Since joining REM Eyewear a number of years ago as the company’s Creative Director, Blake has developed signature eyewear collections for famed designers John Varvatos and Carolina Herrera.

Kuwahara’s Process

The starting point for any collection is the concept and these concepts for Kuwahara starts with hand drawings.

“I prefer to work with hand sketches rather than computer drawings for the first round of the design process because you can realise much more of the nuances and subtleties.

“Once the drawings have been finalised, they are rendered in the computer to establish exact measurements and technical specifications. Prototypes are then made by hand which can take a month or more. Once we have a 3-D sample in hand, we can evaluate its form, fitting values and comfort,” he says.

John Varvatos

Kuwahara’s most recent collaboration with New York fashion designer, John Varvatos, is a very close one. At the start of each design season, Kuwahara and Varvatos discuss the overall concept of his next apparel collection and then delve into specific design elements such as the colour palate, fabrics, and finishes. The creative partnership between Kuwahara and Varvatos is symbiotic -Kuwahara the master of reinvention and Varvatos’ penchant for putting a modern twist on vintage pieces.

“The design of menswear is much more of an ‘evolution’ rather than a ‘revolution’ so there is always an underlying design foundation to everything he does; from taking vestiges from the past and putting them in a modern context,” Kuwahara says of their collaboration.

“We incorporate fine filigree detail from the 20s and 30s, coining and even leather details but juxtapose those with modern and sleek silhouettes. What separates a fine suit from an ordinary one is the cut, materials used, and the subtle, tailored details. Likewise, we pay particular attention to the bevelling and skiving of front and temples, use rich Italian and Japanese acetates, and have added hallmarks inspired by English sterling on the inner temples and tips for a signature look. It’s all about the subtle details that make a big difference.

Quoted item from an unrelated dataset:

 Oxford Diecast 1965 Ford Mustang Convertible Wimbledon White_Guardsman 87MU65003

“Sometimes, the germ of an idea can come from a flea market find. Most recently, I found an old pair of injection moulded safety glasses from the 30s or 40s. It was quite deformed and worn out, but had the beginnings of what I thought would be a great sunglass.

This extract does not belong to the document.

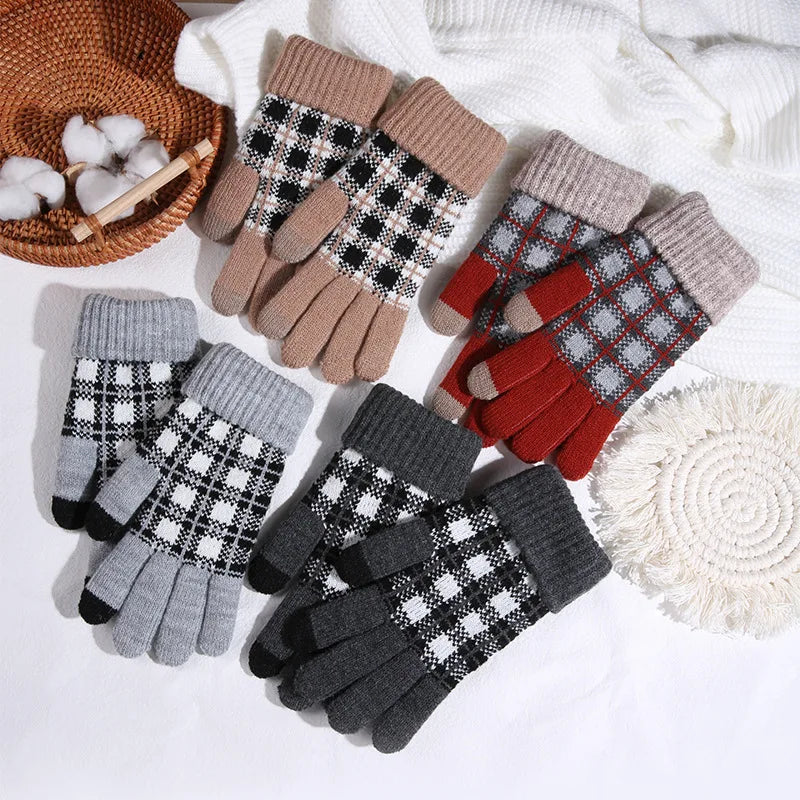 Touch Screen Plaid Gloves Women's Winter and Fleece Thickened Warm Knitting Gloves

“I showed John my ‘find’ and he, too, agreed that it was something great to build upon. I modified the facial curvature and fit of the frame, but kept the thicker temples. The original frame was clear and now had the yellow patina of decades gone by. But, what was also great about the frame was the translucency which belied its heavier presence.

“We handmade each piece out of tan and grey translucent acetate and gave the temples a sculpted profile. What was once used for protection in a lab now was enhanced and made its debut on the New York runway,” he says.

Carolina Herrera

Kuwahara’s collaboration with Carolina Herrera is very different but no less intriguing. Kuwahara says Herrera’s design precepts draw from specific visual imagery and her inspiration “can be as tangential as the colours of a painting, a picture of Charlotte Rampling in repose on a couch, or a picture of a woman whose face is covered by a veil. The last inspiration was particularly intriguing”.

Kuwahara says: “In order to capture this feeling of anonymity and allure, I took a bolt of the actual lace that Mrs. Herrera was using in her collection and had the factory laminate the fabric between sheets of different coloured acetate.

“Rather than milling out the area of the lens, the acetate was sculpted to give the illusion of a lens, but was actually a single piece of the laminated acetate. Although not practical to wear for everyday use, it made quite an impression on the runway and on fashion editors and were produced in a limited edition. A more conventionally milled version with sunglass lenses (replacing the laminated lace ‘lenses’) actually made it to the retailers.”